Monday, August 1, 2011

I'm trying to really start working on "my novel" which seems like a horribly pretentious thing to say I'm doing. I've always been a bit shy of showing my work, and it seems kind of arrogant to think I have that much to say that anyone else will want to hear. But, I talk A LOT and people still like me, so maybe this is kind of like that ;) Anyway, I think that as an English major, I am doomed to eventually attempt this, so better sooner than later. In consequence, my poetry may slow down (or speed up as I have something bigger to procrastinate on) but, I want to go back and work on some of the poems I talked about but never finished. Like the stuff from the Bach concert. And the feminist one (I really want to see where that ends up). So hopefully August will be full of book writing and poetry.


To start it off, here's last month's poem. The word was miscommunication:

Miscommunication
Between my lips and your ears
words war their way through
a no-mans-land of mines and booby traps
their disfigured bodies, unrecognizable,
whisper through death, caught in their throats,
the lies they’ve learned on the way.

Then I wrote a poem using a list of somebody's 10 most beautiful words in the English language (chimes, dawn, golden, hush, lullaby, luminous, melody, mist, murmuring, tranquil). Pretty words are kind of boring to work with, so it isn't my favorite. Also, they are kind of similar. Boring. But I wrote it because I challenged myself to, and it turned out alright after all:

Poetic
In the golden hush of dawn
before the waking wind
sweeps away the final chimes
of midnight lullabies
the luminous fingers of dawn stroke
languid latitude lines, strumming
the murmuring melody of mist
as it presses itself into the tranquil earth.
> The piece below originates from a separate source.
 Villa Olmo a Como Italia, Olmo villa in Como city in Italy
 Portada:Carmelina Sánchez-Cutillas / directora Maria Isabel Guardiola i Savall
Next, a poem using Edward Sheldon's ugliest words in the English language (funeral parlor,galluses, housewife, intelligentsia). Which was the second part of my challange.  I figure if you can make a poem out of pretty words, so what? But ugly words, that's something. And I like this one a lot better :)

Prose
He walked, head down, shoulders slouched
into the funeral parlor on the fourteenth of May.
The only thing about his person that did not succumb
to the day's gravity were his pants,
prosaically supported by old, brown galluses.
She was just a housewife, and he was no intelligentsia
but the picture of him, stooping over her
worn and hollow was the most perfect thing
the photographer had ever snapped
(but was not included in the next day's paper
Due to the stunning indiscretion of a Notable socialite).
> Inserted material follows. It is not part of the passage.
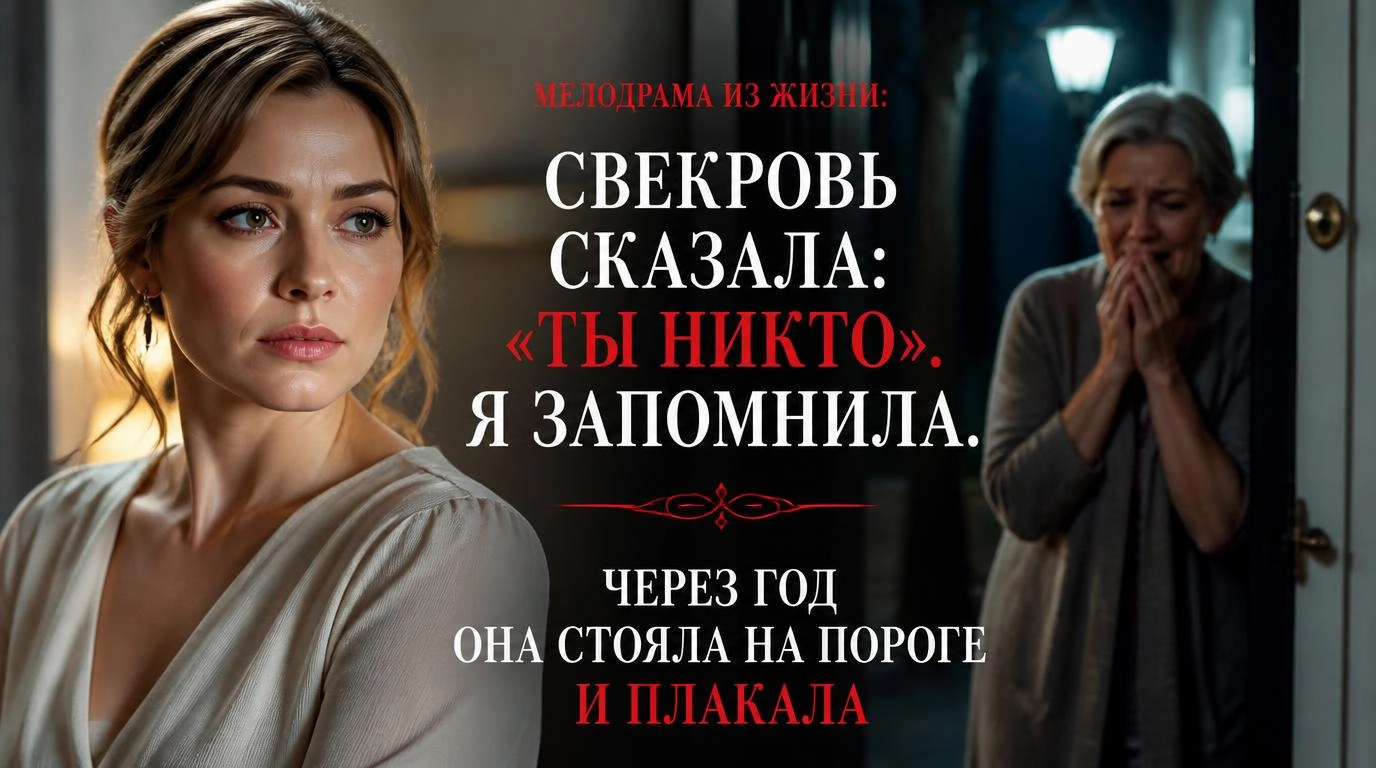 Свекровь сказала: «Ты никто». Я запомнила. Через год она стояла на пороге и плакала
And life has been really good lately. I'm still getting better, still finding my way towards the happiness I used to find so easily. But I've turned another corner and it's been huge for me. I keep thinking, in a way, that this is it. That I'm finally back, and it feels like that this time too. Partially because, I think, I know I'm not going back to what I was. You can't. Your physical body turns over, new cells replacing the old, so that you can never be literally the person you were, even when you are "all grown up." So instead, I'm finding the things I used to love and putting them together with the lessons I've learned about life and together, it's making life beautiful again. Beautiful in a way that makes me catch my breath at random moments because it just hits me how beautiful that moment is. I'm glad.
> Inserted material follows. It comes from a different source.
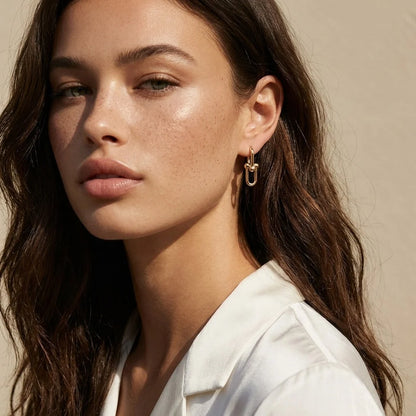 Bold Link Drop Earrings | Gold-Tone Statement Jewelry 2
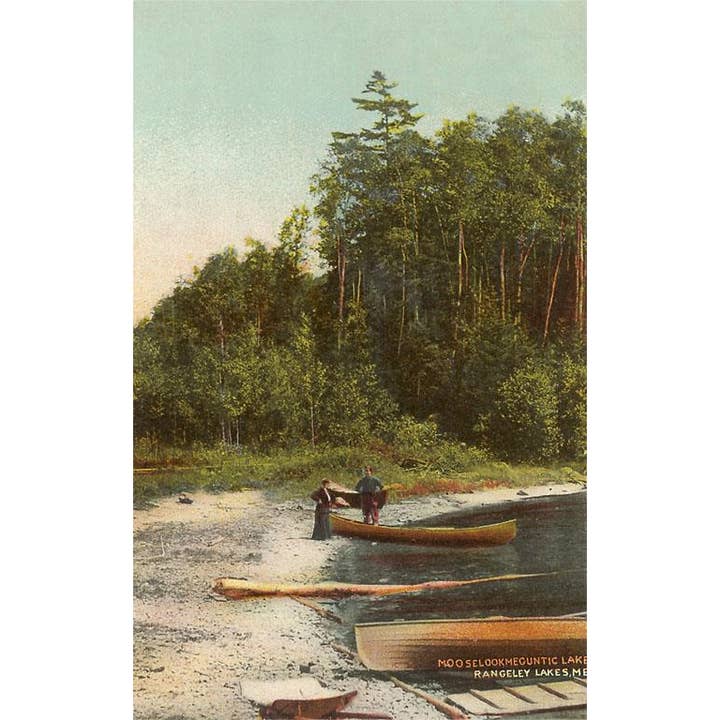 Postcard ME-02 Rangeley Lakes for wholesale by Found Image Press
But whenever I feel happier, whenever I move a little further on, I miss Angel a little more again. I've been thinking of her a lot this weekend, and some of the memories that felt like they were fading came back, really strong. So I have a weird combination of the sadness of missing her and the gladness that even if it makes me sad, I still have her. But the poem that came out about her today is kind of sad, but it's something I think about. So here that is:

Bereavement
Every death is yours.
The tombstones crumbling
with a hundred years decay
are memorials of your passing.
Obituaries in daily papers mark
Your sweetness, missed.
Even deaths, splashed across
wide screens of make believe
Are yours.
You die with the day at every sun set.
And I love every death for you.

Anyway, Now I should really do some book-work. See you later!